In Russ v. Railroad, 112 Mo. 45, a section foreman charged with the supervision of a number of men on a line of railway and a colaborer with them, directed a keg of water to be placed on a handcar, and while he and the others were propelling same it was derailed by the keg falling off on the track, and plaintiff, one of the laborers, was injured. It was held that the foreman was a vice-principal and that the master could not escape liability because the foreman was at the time of the accident engaged with the others in the ordinary labor incident to their employment.
*135The ruling in the Russ case (supra) is approved under a somewhat similar state of facts in Boyd v. Railroad, 236 Mo. 54, 80.
Hollweg v. Bell Telephone Co., 195 Mo. 149, is a kindred ease to the one at bar. Hollweg, while operating a machine under the general direction of a foreman engaged in like labor, was injured. It was held that the foreman was a vice-principal and the fact that he had a few moments before the accident been operating the same machine as a colaborer of Hollweg, did not lessen the master’s liability.
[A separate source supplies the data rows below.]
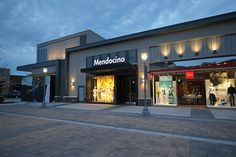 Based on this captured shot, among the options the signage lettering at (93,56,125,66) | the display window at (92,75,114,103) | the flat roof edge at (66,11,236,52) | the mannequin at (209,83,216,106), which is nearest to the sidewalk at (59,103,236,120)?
the mannequin at (209,83,216,106)

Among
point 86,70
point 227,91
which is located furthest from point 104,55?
point 227,91

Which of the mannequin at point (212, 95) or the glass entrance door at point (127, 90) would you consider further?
the glass entrance door at point (127, 90)

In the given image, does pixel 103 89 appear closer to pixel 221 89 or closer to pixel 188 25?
pixel 188 25

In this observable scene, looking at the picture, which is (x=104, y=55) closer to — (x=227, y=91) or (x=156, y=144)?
(x=227, y=91)

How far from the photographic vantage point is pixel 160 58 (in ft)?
52.4

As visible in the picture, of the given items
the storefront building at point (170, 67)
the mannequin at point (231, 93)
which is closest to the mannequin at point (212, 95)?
the storefront building at point (170, 67)

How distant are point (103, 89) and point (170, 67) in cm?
875

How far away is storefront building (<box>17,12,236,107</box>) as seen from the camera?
1355 cm

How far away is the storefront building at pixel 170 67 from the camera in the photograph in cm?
1355

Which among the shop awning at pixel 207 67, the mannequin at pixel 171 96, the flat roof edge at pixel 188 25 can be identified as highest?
the flat roof edge at pixel 188 25

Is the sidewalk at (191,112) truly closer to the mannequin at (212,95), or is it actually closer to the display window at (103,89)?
the mannequin at (212,95)

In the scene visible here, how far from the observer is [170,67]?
15.5 metres

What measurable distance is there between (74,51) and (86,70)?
613 centimetres

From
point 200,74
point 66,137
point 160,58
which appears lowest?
point 66,137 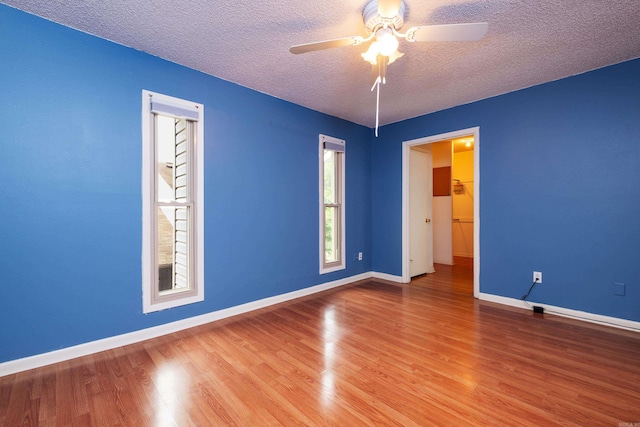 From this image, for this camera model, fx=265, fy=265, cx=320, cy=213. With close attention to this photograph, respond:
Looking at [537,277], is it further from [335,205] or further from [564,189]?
[335,205]

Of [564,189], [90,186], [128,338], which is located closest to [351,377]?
[128,338]

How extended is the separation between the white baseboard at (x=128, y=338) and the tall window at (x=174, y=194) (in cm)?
21

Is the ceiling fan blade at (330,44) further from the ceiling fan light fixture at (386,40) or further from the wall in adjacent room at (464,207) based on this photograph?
the wall in adjacent room at (464,207)

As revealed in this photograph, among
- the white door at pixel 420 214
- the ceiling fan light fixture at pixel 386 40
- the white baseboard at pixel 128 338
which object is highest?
the ceiling fan light fixture at pixel 386 40

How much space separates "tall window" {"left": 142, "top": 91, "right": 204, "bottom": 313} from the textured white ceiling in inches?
21.3

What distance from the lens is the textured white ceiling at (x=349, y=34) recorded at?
1.90m

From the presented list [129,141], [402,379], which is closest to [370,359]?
[402,379]

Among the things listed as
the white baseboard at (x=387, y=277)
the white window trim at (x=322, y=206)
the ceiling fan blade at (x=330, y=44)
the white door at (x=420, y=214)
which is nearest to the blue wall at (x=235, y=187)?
the white window trim at (x=322, y=206)

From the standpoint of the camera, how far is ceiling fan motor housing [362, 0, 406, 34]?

But why burden the record with the citation of further authorities in support of the conclusion we have reached? Viewed from our vantage, they clearly support the result of our reasoning; viewed from that of the author of the majority opinion (whose learning and judgment we generally appreciate and admire) they do not. Precedents, at best, are but persuasive, and, after all, the conclusion in each case must rest primarily upon its own facts. Thus buttressed, we can reach no other conclusions in this case satisfactory to our conscience and judgment than that Kuhr was a vice-principal at the time of plaintiff’s injuries, and that the defendants are liable therefor. As a consequence, it follows that the judgment of the Court of Appeals should be reversed, and that of the trial court affirmed.
Lamm, G. J., and Broimi, J., concur in this opinion.